Looking at the results, it seems that the national polling was correct. Barrett's and Democrats' internals were not so correct. Milwaukee didn't turn out as much as had been hoped (but Dane County, you are awesome), so perhaps that was the problem there -- the projections were off.
So what happened? The Wisconsinites who did turn out simply had no taste for a recall.
[Wisconsin State Journal:]
Larry Sabato, director of the University of Virginia's Center for Politics, said the overriding message from Tuesday's election was that many Wisconsin voters are sick of the "recall madness," which has led to recall elections against 13 state senators, Walker and Kleefisch.
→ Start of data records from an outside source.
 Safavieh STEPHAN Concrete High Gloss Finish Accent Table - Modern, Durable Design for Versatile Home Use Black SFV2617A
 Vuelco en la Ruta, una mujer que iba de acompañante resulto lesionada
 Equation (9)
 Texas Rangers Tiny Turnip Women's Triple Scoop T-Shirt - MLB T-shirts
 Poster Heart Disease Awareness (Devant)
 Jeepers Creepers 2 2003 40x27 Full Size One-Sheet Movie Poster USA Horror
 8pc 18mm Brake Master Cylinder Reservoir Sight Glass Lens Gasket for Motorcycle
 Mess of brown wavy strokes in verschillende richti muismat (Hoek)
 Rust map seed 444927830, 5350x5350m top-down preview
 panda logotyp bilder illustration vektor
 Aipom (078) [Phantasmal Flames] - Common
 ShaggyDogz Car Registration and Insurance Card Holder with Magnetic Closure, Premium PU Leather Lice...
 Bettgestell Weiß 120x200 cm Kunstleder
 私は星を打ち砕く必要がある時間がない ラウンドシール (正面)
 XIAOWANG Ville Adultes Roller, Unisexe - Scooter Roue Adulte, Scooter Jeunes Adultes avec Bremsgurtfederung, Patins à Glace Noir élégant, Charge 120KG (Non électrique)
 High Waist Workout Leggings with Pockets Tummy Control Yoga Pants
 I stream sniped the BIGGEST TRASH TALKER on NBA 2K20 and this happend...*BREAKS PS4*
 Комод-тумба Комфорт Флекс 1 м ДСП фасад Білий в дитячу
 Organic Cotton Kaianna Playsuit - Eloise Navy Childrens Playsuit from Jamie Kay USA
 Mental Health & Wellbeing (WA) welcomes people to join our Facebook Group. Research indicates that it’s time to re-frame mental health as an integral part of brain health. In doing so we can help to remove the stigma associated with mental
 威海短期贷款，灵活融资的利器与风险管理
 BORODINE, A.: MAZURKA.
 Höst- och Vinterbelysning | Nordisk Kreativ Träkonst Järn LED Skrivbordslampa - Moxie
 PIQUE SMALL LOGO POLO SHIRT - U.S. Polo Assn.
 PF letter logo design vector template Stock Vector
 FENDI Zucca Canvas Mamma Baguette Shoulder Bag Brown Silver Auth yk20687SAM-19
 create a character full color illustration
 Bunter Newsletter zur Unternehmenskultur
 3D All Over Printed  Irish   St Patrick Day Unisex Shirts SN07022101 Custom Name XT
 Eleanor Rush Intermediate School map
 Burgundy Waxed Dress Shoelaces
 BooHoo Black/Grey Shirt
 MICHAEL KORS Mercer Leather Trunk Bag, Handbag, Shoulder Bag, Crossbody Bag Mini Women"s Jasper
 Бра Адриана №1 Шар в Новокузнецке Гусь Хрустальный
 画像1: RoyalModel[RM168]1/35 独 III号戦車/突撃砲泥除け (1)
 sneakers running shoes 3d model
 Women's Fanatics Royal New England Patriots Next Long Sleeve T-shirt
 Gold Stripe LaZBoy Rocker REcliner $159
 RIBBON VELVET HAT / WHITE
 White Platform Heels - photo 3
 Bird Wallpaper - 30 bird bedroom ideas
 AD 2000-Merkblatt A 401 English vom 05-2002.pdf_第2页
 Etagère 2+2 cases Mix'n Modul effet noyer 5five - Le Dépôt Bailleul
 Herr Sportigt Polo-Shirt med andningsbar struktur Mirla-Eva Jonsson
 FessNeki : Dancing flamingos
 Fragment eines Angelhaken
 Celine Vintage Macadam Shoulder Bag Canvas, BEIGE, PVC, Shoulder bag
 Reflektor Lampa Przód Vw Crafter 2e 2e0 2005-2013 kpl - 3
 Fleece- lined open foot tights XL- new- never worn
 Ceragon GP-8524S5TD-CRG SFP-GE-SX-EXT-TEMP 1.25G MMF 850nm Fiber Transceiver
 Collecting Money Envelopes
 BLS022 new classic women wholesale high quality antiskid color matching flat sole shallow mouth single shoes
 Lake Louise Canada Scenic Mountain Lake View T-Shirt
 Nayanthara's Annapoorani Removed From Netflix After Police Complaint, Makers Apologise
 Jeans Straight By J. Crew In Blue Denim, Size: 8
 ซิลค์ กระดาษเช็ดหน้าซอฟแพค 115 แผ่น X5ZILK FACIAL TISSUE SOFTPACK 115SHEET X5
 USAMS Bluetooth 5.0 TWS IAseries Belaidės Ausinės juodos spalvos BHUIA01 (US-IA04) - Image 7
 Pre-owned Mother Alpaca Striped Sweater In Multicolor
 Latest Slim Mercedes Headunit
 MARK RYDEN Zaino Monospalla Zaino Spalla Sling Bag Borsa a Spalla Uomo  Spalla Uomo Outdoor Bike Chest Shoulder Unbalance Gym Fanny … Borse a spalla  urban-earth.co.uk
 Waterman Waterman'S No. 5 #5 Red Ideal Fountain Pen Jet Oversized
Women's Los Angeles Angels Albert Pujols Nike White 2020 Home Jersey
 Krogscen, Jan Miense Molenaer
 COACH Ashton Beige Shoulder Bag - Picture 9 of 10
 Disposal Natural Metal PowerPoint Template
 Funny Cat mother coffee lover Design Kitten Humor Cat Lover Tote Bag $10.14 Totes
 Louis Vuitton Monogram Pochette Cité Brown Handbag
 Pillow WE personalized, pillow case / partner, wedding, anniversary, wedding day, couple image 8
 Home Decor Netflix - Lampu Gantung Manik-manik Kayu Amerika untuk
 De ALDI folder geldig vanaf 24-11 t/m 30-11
"People are tired of recalls, and they don't think a recall was justified," he said.
Exit polling (which, admittedly, was shown last night to be flawed) backs that up. 60% of voters polled believed that recalls "are legitimate only for official misconduct."
So it's less of a case of loving Walker and more of a case of recall fatigue. We'll get him next time -- if the John Doe probe doesn't get him first.
Other than that, I'm still sorting through the wreckage here. One thing that's become very clear is that big money has to be purged from our electoral process. Walker outraised Barrett 7:1 and that may have made the difference for him -- if Barrett's vote total was proportionate to his war chest, he would've taken a mere 14% of the vote. Given what the two candidates spent per vote, Barrett might've buried Walker had the playing field been more level -- his spending was more than three times as effective as his opponent's. But Walker wallpapered Wisconsin with out of state, special interest money and it paid off.
"I think it's another lesson for all of us that money has an extraordinarily strong influence in campaigns," said state Rep. Mark Pocan. "When you don't have a balance in campaign spending, all too often money speaks the loudest."
It sure did here.
[image credit: adapted from a photo by marctasman, via Flickr]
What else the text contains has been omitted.